The former loan-agreement critics turned to enthusiastic supporters of the Troika. But everything “in the name of serving and saving the country” – same old story as usual. The new guards are expected to apply all Troika demands. there where the ministers of ND-PASOK-DemocraticLeft failed.
And yet,  this old staff is expected to re-start Greece with new ideas. Mission impossible!?

We have a new coalition government consisting of conservative Nea Dimocratia and (ex) socialist PASOK.  At the June-17/2012 elections ND ranked 1st with 29.66% and PASOK ranked third with 12.28%.
In all public opinion surveys after the elections, ND is usually still first in respondents’ preference however with 22-24% in an average.
PASOK is going from bad to worse, pending between 7% and even 4%.
In the new government PASOK has 11 ministers and ND 30.
But we got a government, we deserve. Same old people with the same ideas saying and doing the same things.
Anyway, these Greek internet users see with growing suspicion the fact that the new government -41 ministers and deputy or alternate ministers – consists of people it should not have been consisting of should Samaras put the ground for groundbreaking restart of Greece.
-6 members of the government are journalists (Kedikoglou, Kapsis, Panagiotopoulos, simos Kedikoglou, Gkioulekas, Andrianos)
-7 members of the government are sons and daughters of ex high-ranking party officials (Mitsotakis, Varvitsiotis, Kefalogianni, Gennimata, Kapsis, even 2 members from Kedikoglou family.
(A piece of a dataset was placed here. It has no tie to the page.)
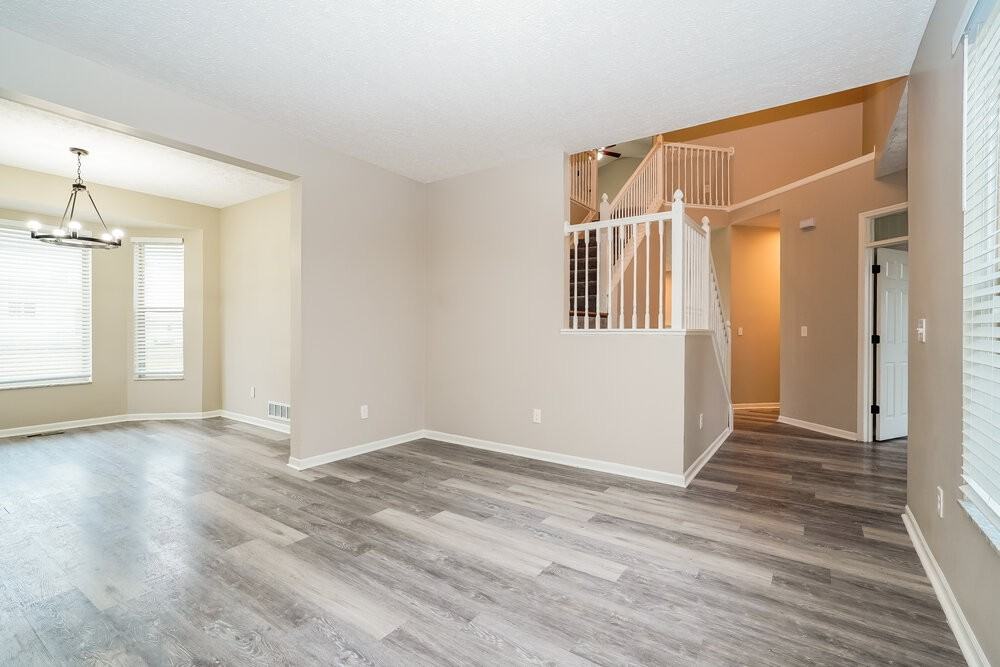 925 Mahle Dr - Photo 5 of 18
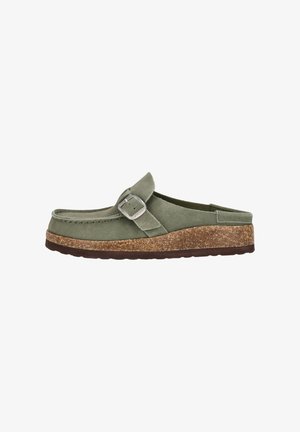 Chaussure à enfiler en suède vert avec un bout rond, détail de boucle en argent et une semelle intermédiaire en liège épaisse, dotée d'une semelle extérieure en caoutchouc brun texturé.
We call these families that feed the Greek political scene with promising country saviors as ‘political fireplaces’. In the sense that no matter what, the fire of the family keeps burning …
-some other members are long-time fellow-travelers of PM Samaras, since the time he overthrew Mitsotakis government in 1993.
Irony in 2013: the son of Konstantinos Mitsotakis, Kyriakos, is now member of the government in the Ministry of Administrative Reform. The ministry that is urgently expected to comply with the Troika demands and to kick out of the public service at total of 15,000 civil servants until the end of 2014.
and you know what? These mean Greek internet users claim that it is now the high chance for Mitsotakis family to overthrow Samaras government. Tsk! What do they know?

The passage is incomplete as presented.